I have no idea what his new show is like, but plenty of Southern Californians can testify that there's something seriously wrong with Bill Nye. I volunteered at an event he spoke at and he was a complete ass to me. He used to be my idol before that. He's also frequently found in the swing dancing and basketball scenes around Pasadena, and is known for being a poor sport and jerk.

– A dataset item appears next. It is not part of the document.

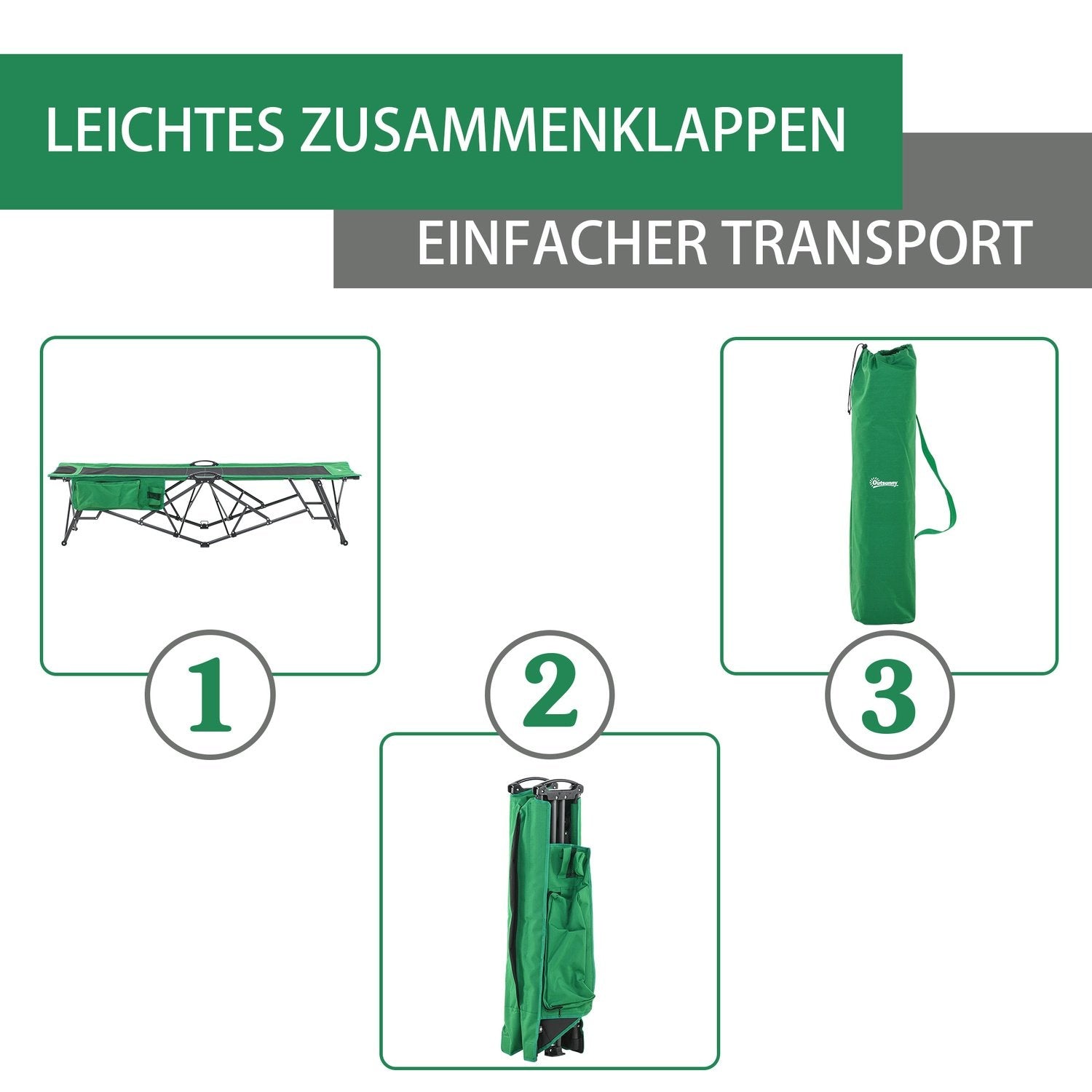 Campingseng, teltseng, sammenleggbar seng med sidelomme, drikkeholder, lastekapasitet opptil 136 kg, stål Oxford grønn + svart, 200 X 73 X 49 Cm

There's my Bill Nye Sucks rant for 2017.


----------



## Supe (Apr 25, 2017)

Nye has turned into an environmentalist wingnut.  I'm not sure what his latest tirade was about, but it wouldn't surprise me if its over just that.


----------



## goodal (Apr 25, 2017)

...but yet he is THE guy to ask questions about our global climate for the left.  I know people love to say there is a difference between weather and climate, but I'm sorry, if you can't tell me with a better degrees of accuracy than 50-50 what the weather will be like next week, don't expect me to believe you know what the weather was like 10,000 years ago.


----------



## Supe (Apr 25, 2017)

goodal said:


> ...but yet he is THE guy to ask questions about our global climate for the left.


Of course.



goodal said:


> if you can't tell me with a better degrees of accuracy than 50-50 what the weather will be like next week, don't expect me to believe you know what the weather was like 10,000 years ago.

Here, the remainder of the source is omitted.